Investigation into Queensland's Crime & Corruption Commission
In January of 2022, with her government facing media scrutiny and allegations of corruption and loss of integrity within Queensland's Crime and Corruption Commission (CCC), Queensland's Premier Annastacia Palaszczuk requested Mr. Fitzgerald to chair an inquiry into the organisation. In August of 2022, Mr. Fitzgerald delivered 32 recommendations to the Queensland Government regarding the CCC.
These recommendations include financing a new corruption strategy and prevention unit, as well as directing the agency to rely less on seconded police by recruiting skilled civilian investigators. The report noted that the CCC's checks and balances were at risk due to the reliance on these police powers:
“The CCC lacks ... both internal and external checks and balances that appropriately addressed these risks...We have concluded that seconded police officers remain a valuable asset in the CCC’s work but their skills and experience do not entirely meet the requirements of the CCC’s corruption investigations.”

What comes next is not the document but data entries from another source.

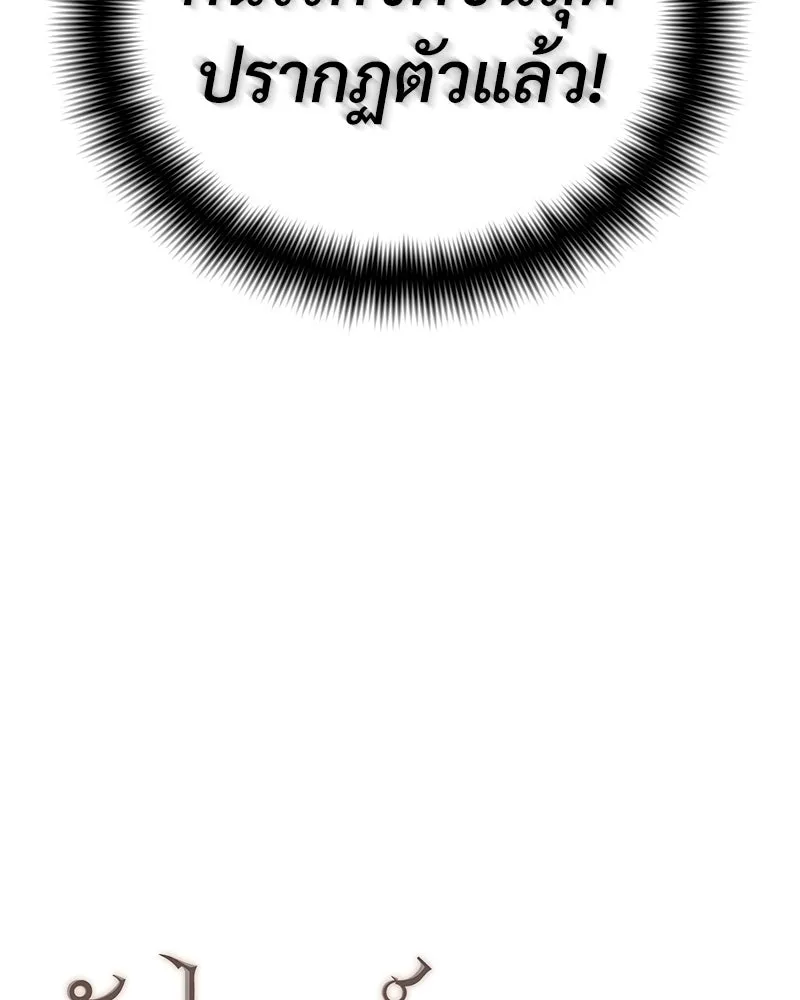 สัปดาห์นี้งดอัปตอนใหม่ ตอนที่ 27 รูปที่ 148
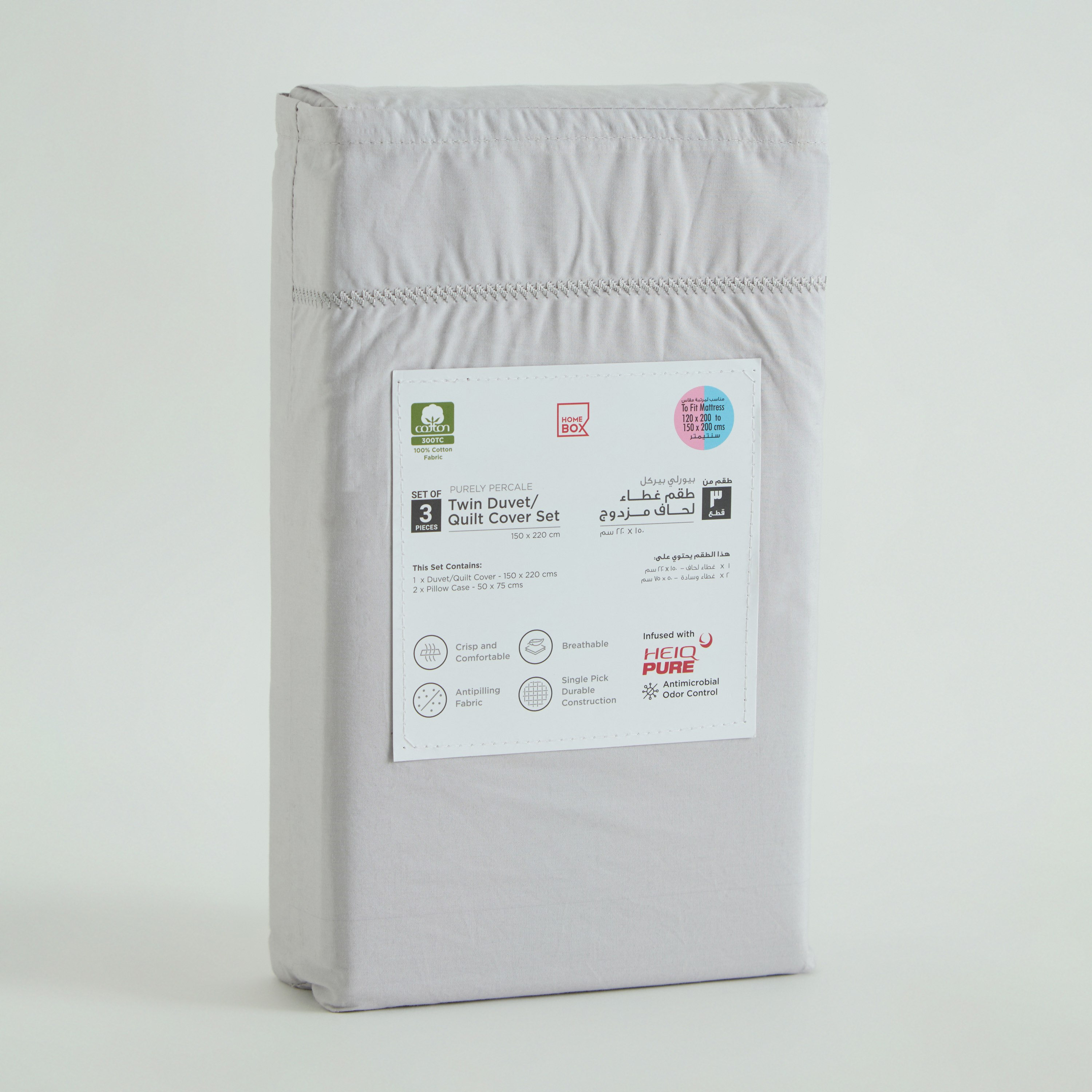 Purely-percale 3-Piece 300TC Percale Single Duvet Quilt Cover Set - 135x200 cm-hbxhomeware-hbxbedroom-image-8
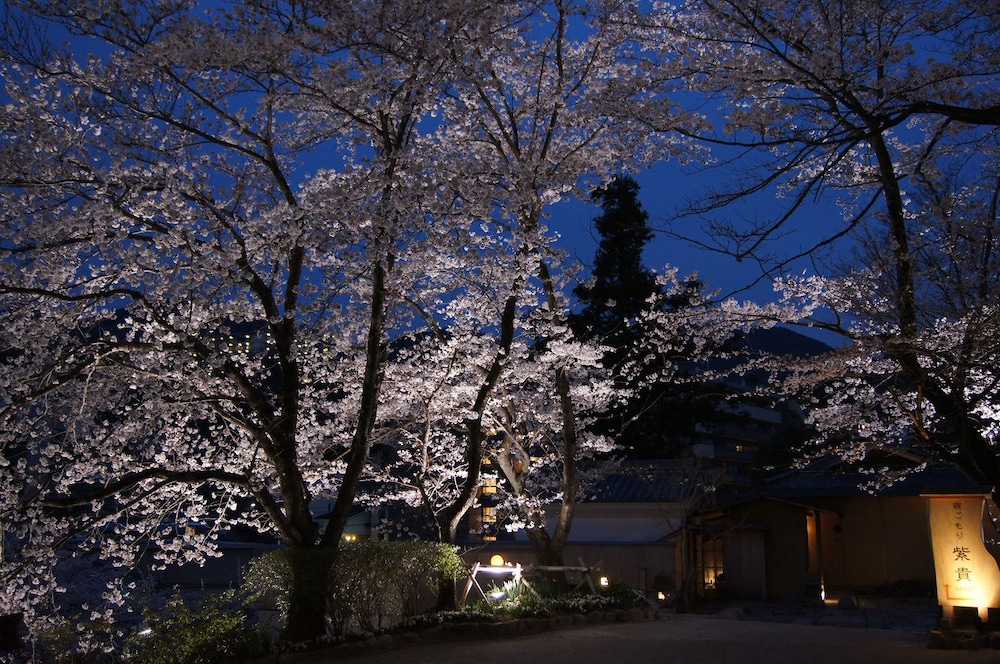 銀水荘別館 兆楽 神戸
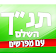 תנ"ך עם מפרשים icon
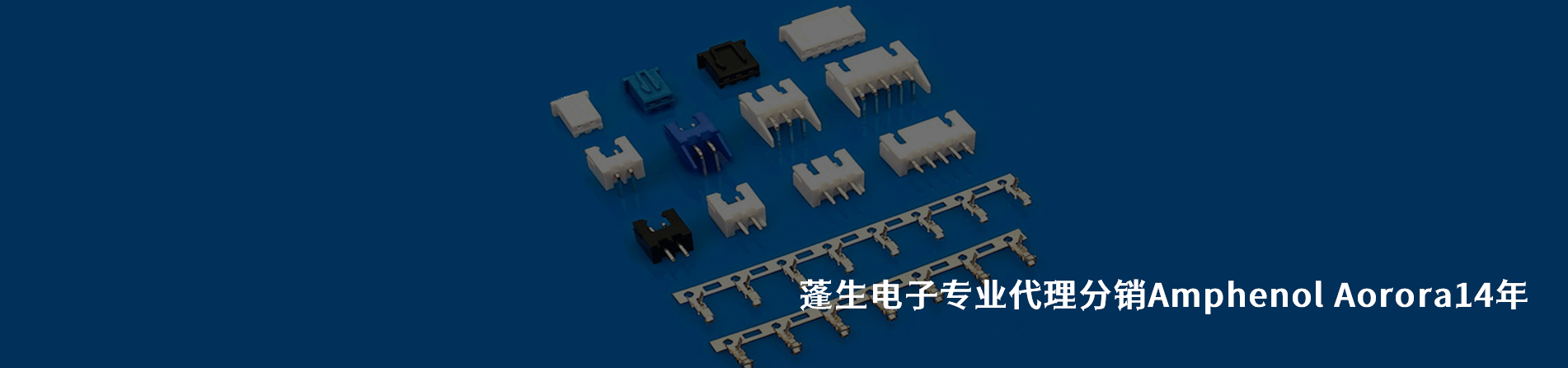 Amphenol Aorora 连接器品牌授权供应商｜南京5G电子电子
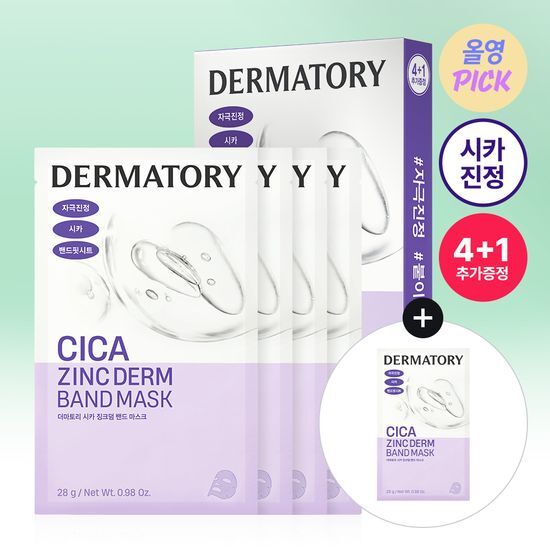 Cica Zinc Derm Band Mask 4P Set (+1P)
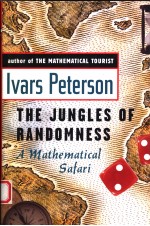 THE JUNGLES OF <em>R</em>ANDOMNESS  A MATHEMATICAL SAFA<em>R</em>I
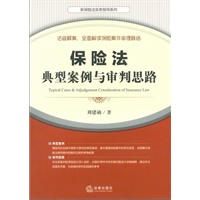 保险法典型案例与审判思路【正版图书】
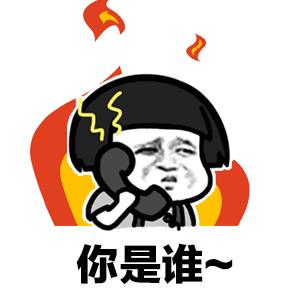 接电话gif表情包:喂,你是谁,你到底是谁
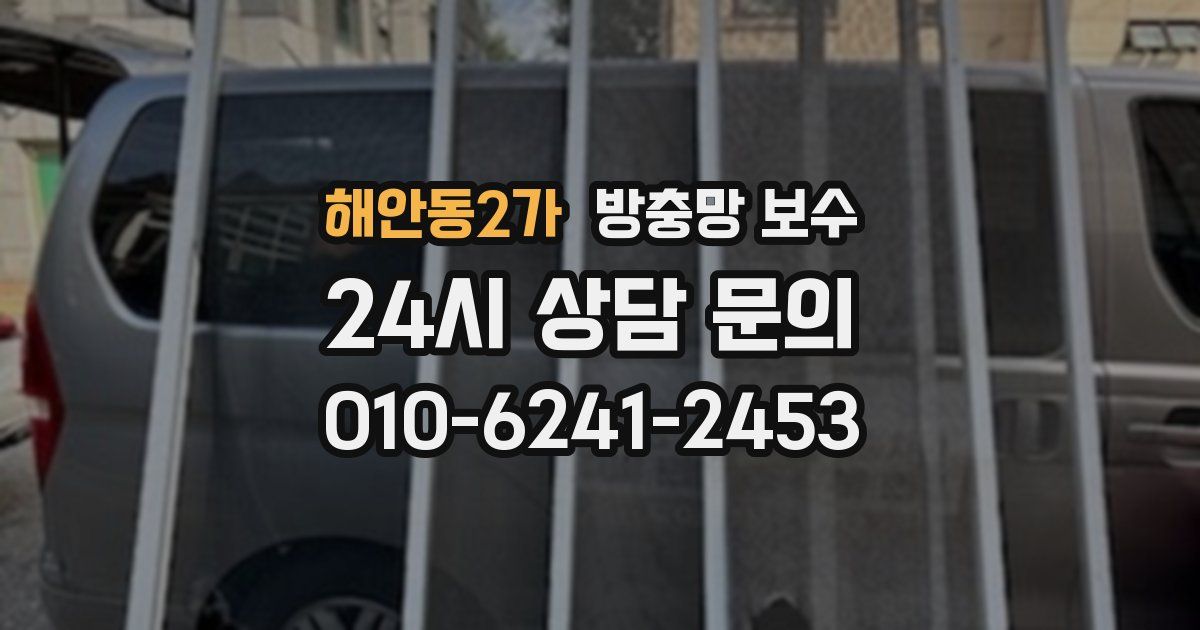 해안동2가 방충망 보수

The report has since been highlighted as a potential blueprint for Australia's Federal ICAC by Griffith University integrity expert, Professor AJ Brown. Prof. Brown noted that the report's recommendation for utilising both civilian and police staff could be applied at a federal level:
“Up until now we’ve got away with a lot of informal, on-the-job training...Now is the time to recognise that the skills and the capabilities of anti-corruption professions, investigators, prevention officers, is broader than any one skill set...It’s broader than police training. It’s broader than legal training and fraud and forensic accounting – it involves all of those, plus policy and administration and management skills. That all needs to be properly developed and institutionalised. It’s not very sexy, but it’s very significant.”
Prof. Brown was also critical of the original scrutiny of the CCC prior to the inquiry and commented that Mr. Fitzgerald's report "was vindication the 'wildly out of control CCC' narrative was always false":
“The allegation that the CCC was out of control was always overblown," he said.
The Fitzgerald Inquiry
"The Commission of Inquiry into Possible Illegal Activities and Associated Police Misconduct," more commonly referred to as "The Fitzgerald Inquiry" was a judicial inquiry led by Mr. Fitzgerald from 1987 to 1989. The final report of the inquiry was released in 1989 and resulted in three former ministers and the Police Commissioner of Queensland being imprisoned, two by-elections and the resignation of then-Premier of Queensland, Joh Bjelke-Petersen, resigning, ending the National Party of Australia's 32-year dominance as the governing party of Queensland. The recommendations of the report also led to the establishment of the Criminal Justice Commission (CJC) and the Electoral and Administrative Review Commission.